Пожарник признал Нартахова.
– Мои люди были внутри здания. Доложили, что там никого нет.
– Надо бы всё тщательно осмотреть, – настойчиво сказал Нартахов. – Может быть, потерял сознание от дыма и лежит где-нибудь.
– Так-то оно так, – как будто начал соглашаться пожарник, – но ведь докладывали…
– Докладывали, докладывали, – взорвался Зимин. —Уваров никуда не мог уйти. Он только там. А ваши люди и не чешутся, а только докладывают.
– Если бы твой сторож не бросил свой пост, то он был бы тут, – обозлился и пожарник. – Сторожа здесь нет. Я своим людям верю.
– И я своим людям верю! – перешёл на крик Зимин.
– Что? – начальник пожарной команды налился злостью. – Я здесь сейчас распоряжаюсь! А ну, прочь отсюда и не мешай работать! – Пожарник кричал только на Зимина, делая вид, что Нартахова это не касается. – Он, видите ли, верит! Допустил пожар и теперь верит. Да тебя и твоих людей судить теперь надо!
– Да это, может быть, тебя судить надо! – ярился Зимин. – Тебе сейчас пожар тушить надо, а не горло драть. Что ты стоишь здесь и разоряешься, тебе что, больше нечем заняться?
Нартахов спиной оттёр Зимина, который уж чересчур воинственно стал размахивать багром.
Кто-то громкоголосо позвал пожарника:
– Гончаров! Товарищ Гончаров!
– Уходите отсюда! И немедленно! – начальник пожарной охраны бросился на зов.
– Сам убирайся! – рыкнул Зимин.
В этот момент с крыши соскользнуло горящее бревно и снова перегородило дверь.
– Вот не везёт, – плюнул Зимин. – То Гончаров мешал, а теперь бревно свалилось. Я другой вход посмотрю.
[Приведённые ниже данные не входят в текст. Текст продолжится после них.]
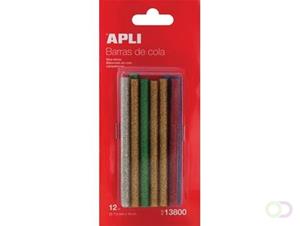 Apli glitter lijmpatronen 7,5 mm, blister met 12 stuks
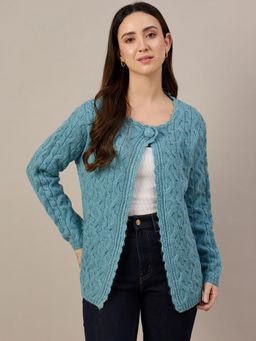 ZIGO - Soft Cable-Knit Buttoned Blue Cardigan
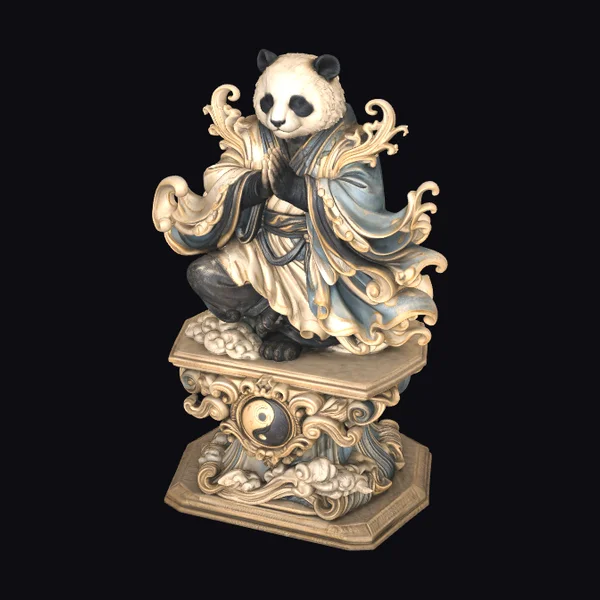 Meditating Panda Statue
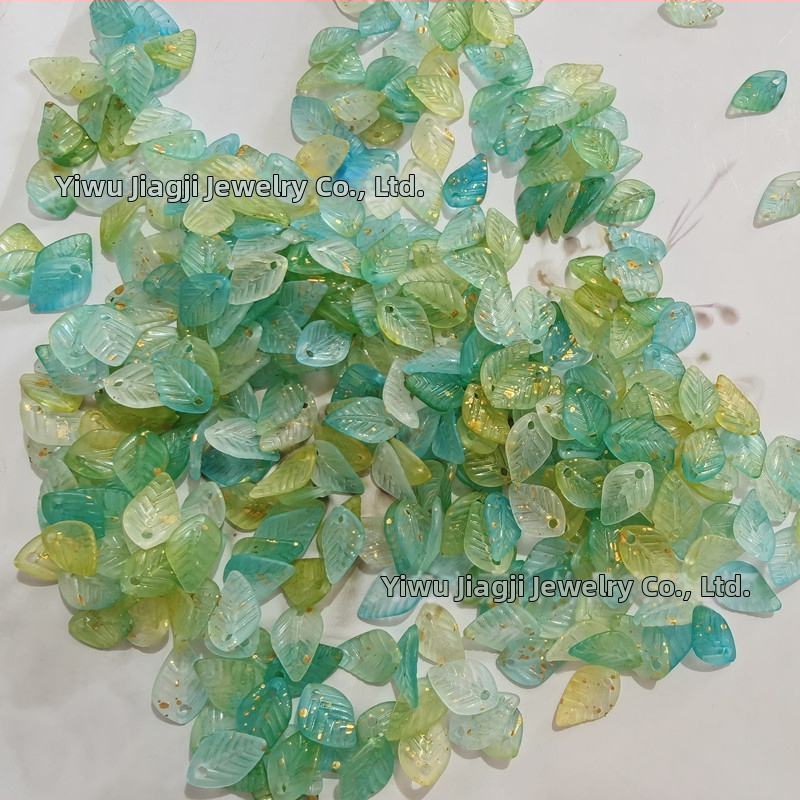 Αξεσουάρ - Ακρυλικές χάντρες σε σχήμα πεπονιού με μοτίβο φύλλου, βαμμένη επιφάνεια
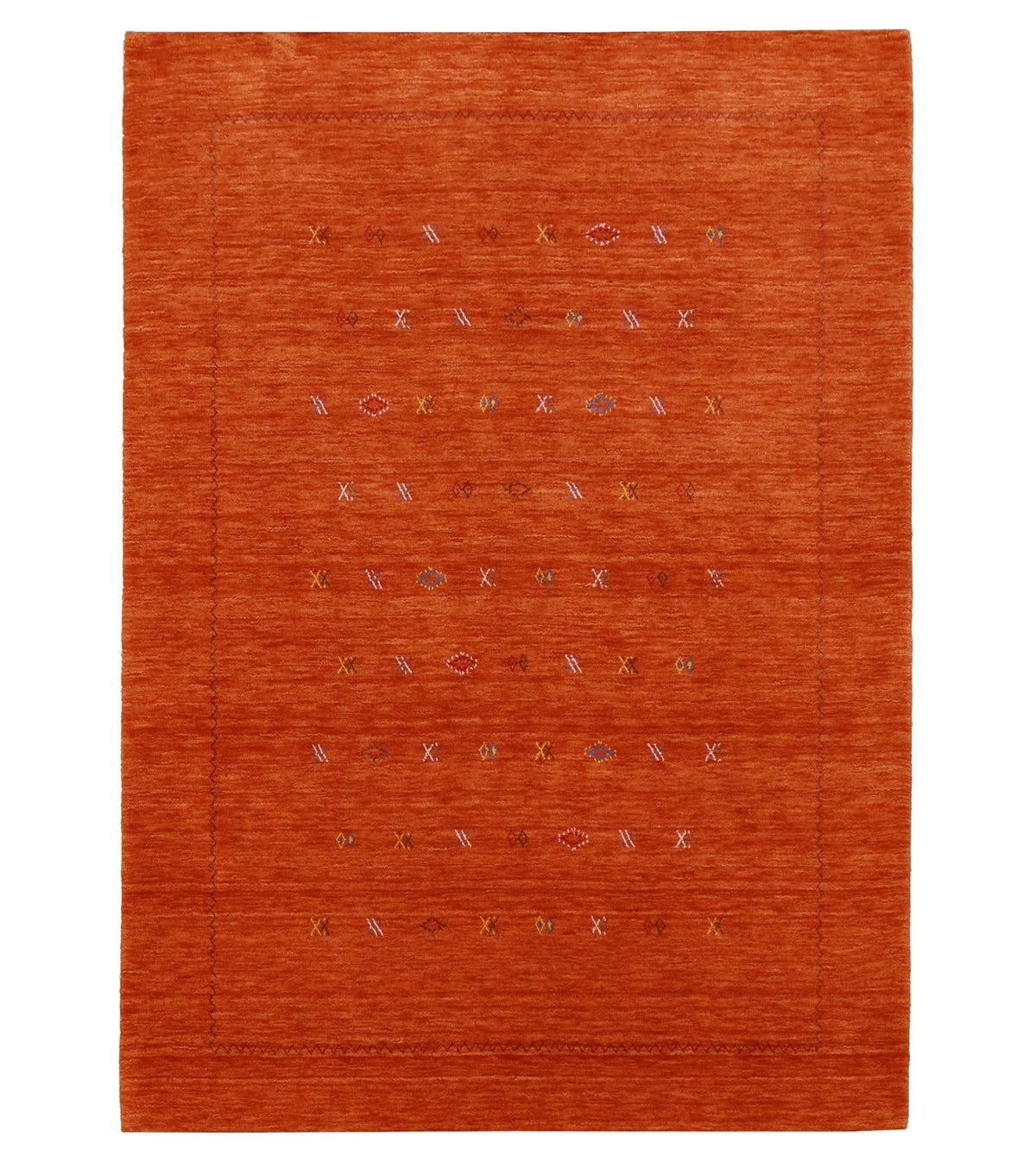 Modern Design Orange Hand Loomed Wool Area Rug.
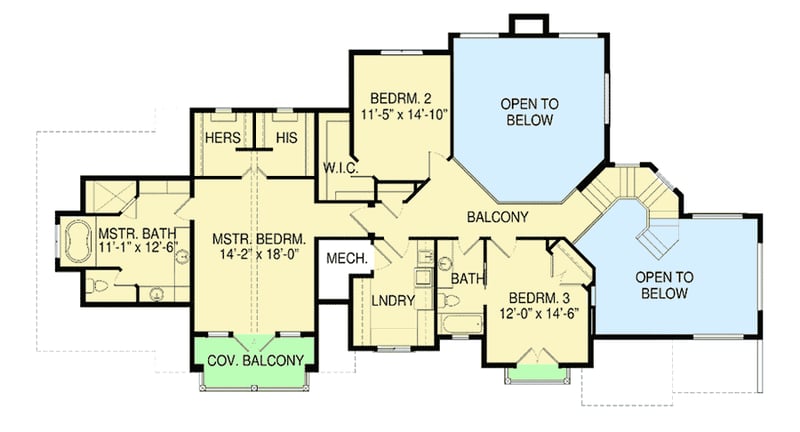 Plan 290076IY: Rugged Craftsman House Plan with Master Balcony - Floor Plan - 2nd Floor - Craftsman, Northwest, Rustic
Оставшись один, Нартахов обмотал лицо шарфом и с багром наперевес бросился к двери. Кряхтя и подстанывая от натуги, он всё же оттолкнул бревно и чуть было не завалился в огонь, но теперь путь был свободен. Он схватился за дверную ручку, дёрнул на себя, но дверь не подалась, он дёрнул снова и тут увидел, как под меховыми рукавицами закипает синий дымок, и почувствовал боль в ладонях и оголившихся запястьях. «Хоть бы воду сюда подали», – подумал Нартахов, ощущая, что вот-вот на нём вспыхнет одежда. Дверь начала подаваться, Нартахов рванул с новой силой, но в этот момент услышал чей-то отчаянный вскрик, ощутил тяжёлый, разламывающий все его тело удар и почувствовал, что проваливается в огненно-красную темноту.
– Носилки! Сюда!
Нартахов слышал этот крик, но голос кричащего был слабеньким, тоненьким, как волосок, и доносился из дальнего далёка, из-за лесов, из-за гор. Он видел нависшее над ним кроваво-тёмное небо и удивился, почему оно такое.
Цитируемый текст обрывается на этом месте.